March 20, 2006


The second convening of Columbia Knit Night starts in four, count 'em, four hours!

Columbia Knit Night
Monday, 20 March
Panera Bread
6435 Dobbin Road
Columbia, MD 21045

Hope we see you there!

Sampler Stole

1.5 borders, and then just the edging, still letf to knit.

March 17, 2006


Thanks for all the positive feedback on the lace series! I had no idea it would get such a response - I'm trying to catch up with emails, but in the meantime, cheers to everyone who said such lovely things, and big thanks to everyone who's provided clarifications and otherwise picked up my slack. To answer a common question, I do not use any kind of knitting software, either for drafting patterns, for sizing, for chart-making or for drawing the illustrations. I've never tried Sweater Wizard, et al, though I know lots of people have good experiences with them - I guess I'm just a luddite in that I don't quite trust them. Then, too, in the patterns I'm trying to work out right now, there are lots of fiddly little details that couldn't really be translated - gauge math and sizing math are easy enough that pen and paper work fine for me, and it's a lot easier for me to visualize exactly what I want that way.

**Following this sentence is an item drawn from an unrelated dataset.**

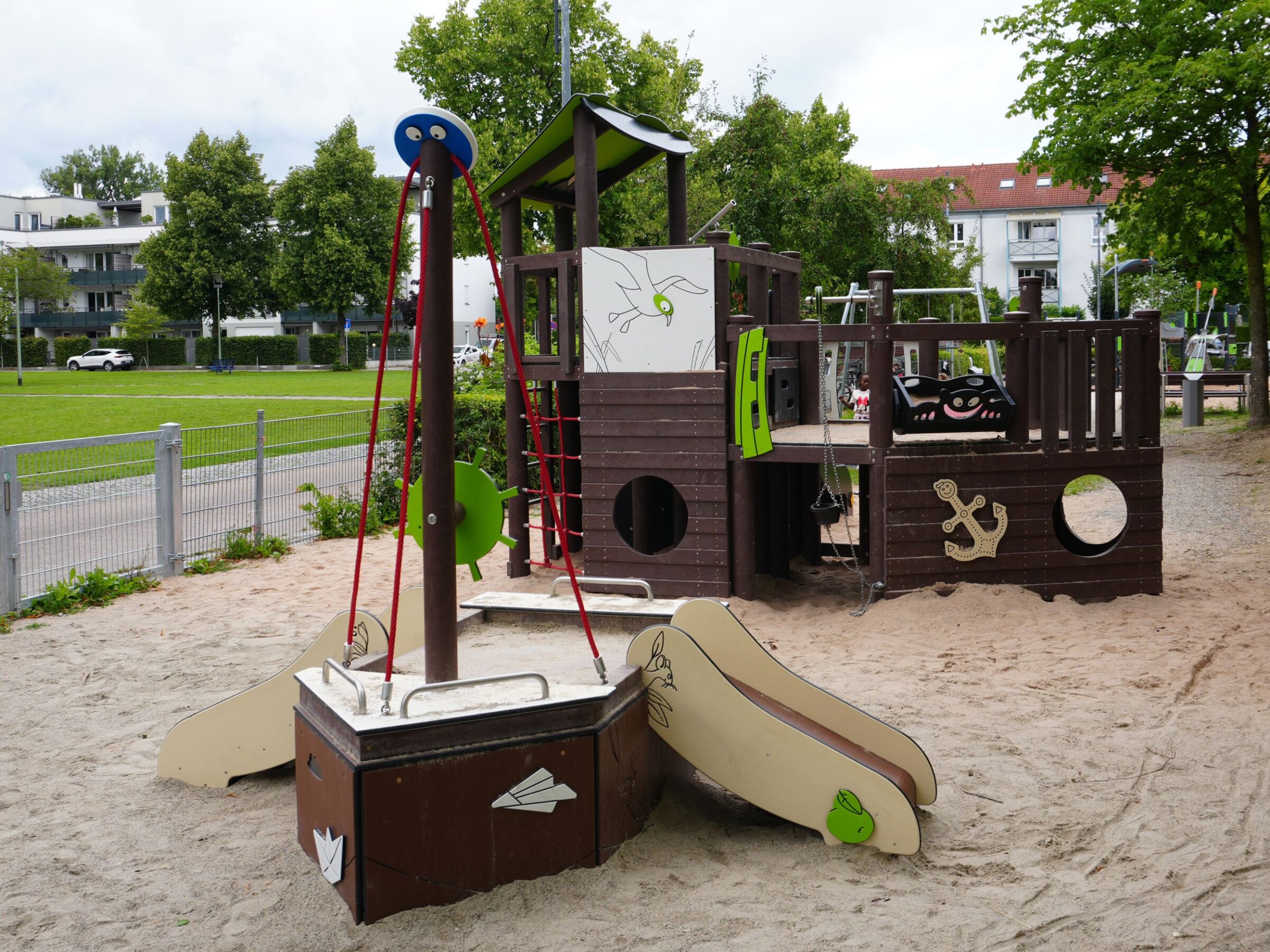 Hier der Spielplatz an der Jenaer Straße.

I draw all my charts in PhotoShop CS like this: create a 25x25px jpg for every symbol you use. Open those up and copy and paste them as needed into a new layer in a blank document with gridlines every 25px. To get a printing grid, open a blank 25x25px document, draw a 1px line at the very top and at the very left side, flatten it and save it as a jpg. Choose "select all", set it as a pattern, go back to your chart, and fill a new layer with the pattern. Then choose "select color" in that layer, choose "highlight", and hit clear or delete to take away the white background and leave only the black grid visible. The same process can be done with a 250x250px grid and thicker lines to mark off every 10 squares. Flatten the image and resize at the end.

The diagrams I do are all drawn in Illustrator CS - I just take an ellipse and subtract a smaller ellipse from it to get a stitch shape. I fiddle with it until it until it looks right, and then create "building blocks" - stitches arranged as in k2tog, stitches arranged as in ssk, etc - and then just duplicate and paste away. I futz as I go to make sure everything lines up and looks right, and occasionally you need to scissor and slice to get things in the right arrangement, but they're pretty easy and quick to make.

Thanks for your generous comments about the stockings, too! I did knit two, but the first one had a lot of issues I was still working out and wasn't very pretty. That's why it's hidden inside the boot :)

The lace series picks back up tomorrow, I think - it takes me a couple days to get each entry together. In the meantime, check this out:

The center panel of the sampler stole, seven and a half repeats of the pattern, is done. What a difference a bit of pinning makes, eh? Here's what it looks like on the needle:

The garter stitch base creates a very compact, very drawn-in fabric (even more exaggerated since I'm using US0s instead of the US2s called for), and the unstretched piece is ripply and sort of...nipply, for lack of a better word. I've pinned it out only gently for the photo above - it's got a couple inches still in it in either direction, I think - but it already measures about 13x32 inches. There are two small (I think about 150 rows each) borders on either short side, and then the edging to go.

My mom's birthday is the 23rd. If I get serious about this and start knitting like usual (rather than lazily knitting a row here and a row there once in a while), it might be doable.